● Task item: The entries below are to be returned exactly. Include all of them.

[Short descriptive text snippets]
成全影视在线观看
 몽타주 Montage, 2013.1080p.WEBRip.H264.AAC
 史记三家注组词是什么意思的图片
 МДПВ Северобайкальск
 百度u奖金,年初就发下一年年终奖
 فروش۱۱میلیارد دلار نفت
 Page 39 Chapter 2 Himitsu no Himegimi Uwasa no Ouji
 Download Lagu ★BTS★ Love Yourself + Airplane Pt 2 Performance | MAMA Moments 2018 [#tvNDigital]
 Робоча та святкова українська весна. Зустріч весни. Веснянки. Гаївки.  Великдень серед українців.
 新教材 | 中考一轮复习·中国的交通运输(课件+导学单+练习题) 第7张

● Expected output:
成全影视在线观看
 몽타주 Montage, 2013.1080p.WEBRip.H264.AAC
 史记三家注组词是什么意思的图片
 МДПВ Северобайкальск
 百度u奖金,年初就发下一年年终奖
 فروش۱۱میلیارد دلار نفت
 Page 39 Chapter 2 Himitsu no Himegimi Uwasa no Ouji
 Download Lagu ★BTS★ Love Yourself + Airplane Pt 2 Performance | MAMA Moments 2018 [#tvNDigital]
 Робоча та святкова українська весна. Зустріч весни. Веснянки. Гаївки.  Великдень серед українців.
 新教材 | 中考一轮复习·中国的交通运输(课件+导学单+练习题) 第7张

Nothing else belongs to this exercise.